Staff & wages – 2 biggest licensed trade challenges after energy

Since the reopening of pubs around the country, the shortage of staff coupled with the steadily rising demand for pay increases for those staff remaining in hospitality have been the two biggest concerns throughout the licensed trade away from soaring energy costs.
Strong wage inflation since reopening has been a growing concern.

Strong wage inflation since reopening has been a growing concern.

Energy only really came to the attention of the licensed trade in the Summer according to the Licensed Vintners Association’s Chief Executive Donall O’Keeffe.

“Last January and February energy was not such a concern,” he said, “But strong wage inflation since reopening has been a growing concern.

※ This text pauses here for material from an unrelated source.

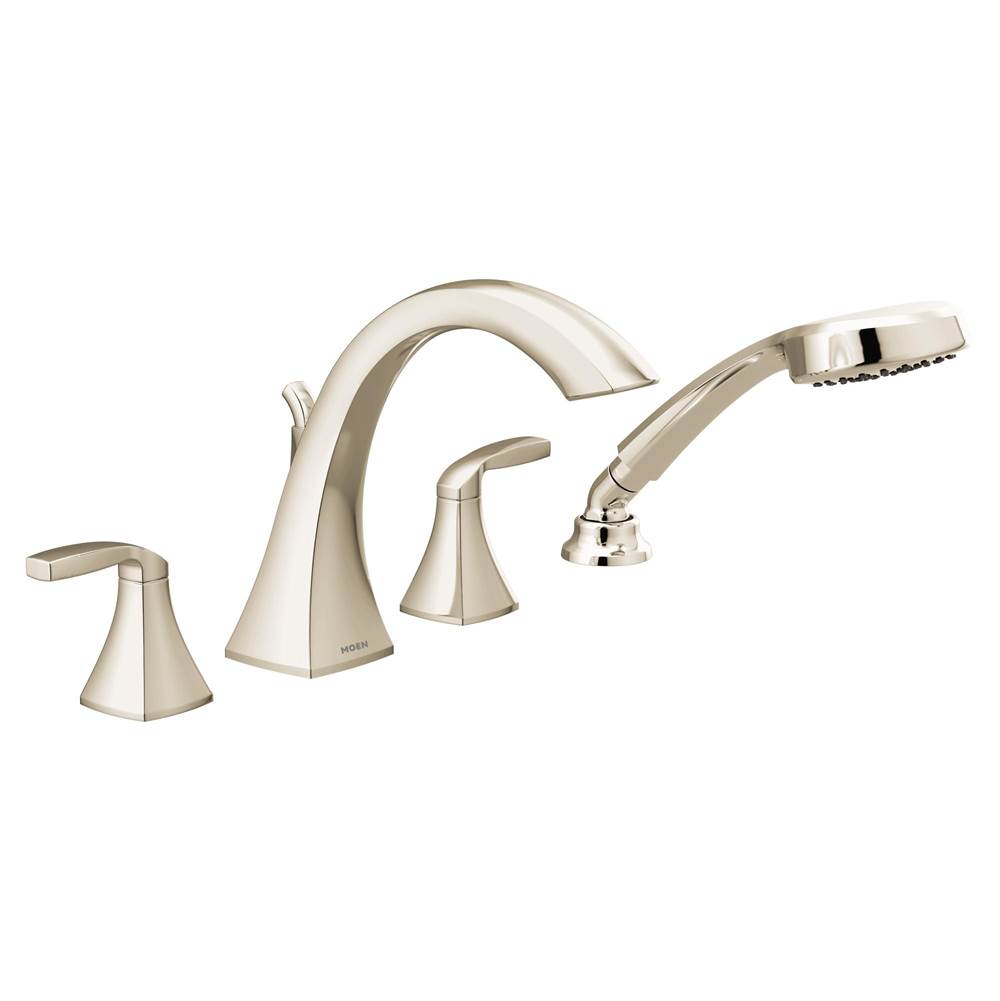 Moen Canada  Roman Tub Faucets With Hand Showers item T694NL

“Thankfully the economy is in full employment and wages are reflecting the demand for staff,” he told Drinks Industry Ireland, “The part-time staff situation has improved but managers, chefs and senior bartenders are very difficult to source and very scarce. It’s going to be a problem in the medium term as there are just not enough of them in the country.

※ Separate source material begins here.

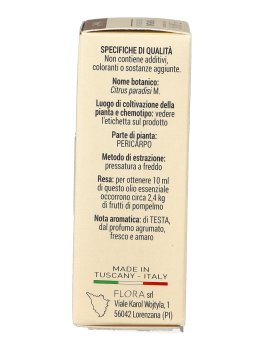 Olio Essenziale di Pompelmo - 3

“We’re seeing businesses now investing in staff training because we had such a high turnover of staff through Covid.”

Training-up staff is certainly one of the answers, he agreed, stating that, “It’s worth investing in people who have an interest and aptitude for a long-term career in the licensed trade.”

Vintners Federation of Ireland Chief Executive Paul Clancy agrees, adding that, “Staffing will continue to be a major issue for our members. While energy costs have understandably grabbed all the headlines over the past month, finding, training and retaining staff will remain a big challenge.

“The VFI launched the Bar Manager Degree Apprenticeship with Griffith College in an attempt to create a defined career pathway for young bar staff and thankfully, a huge number of people have signed up.

“While the course is a positive development it will take a concerted effort from all stakeholders to create a perception among job seekers that hospitality is a viable career. This is all against the backdrop of increasing business costs and a changing hospitality landscape. With numerous venues scaling back their operations over the Winter period and an increasing requirement for seasonal and part-time workers, the staffing issue won’t get any easier.

“I would argue that hospitality is under such pressure that supports for employers similar to what was on offer during Covid must be looked at by Government.”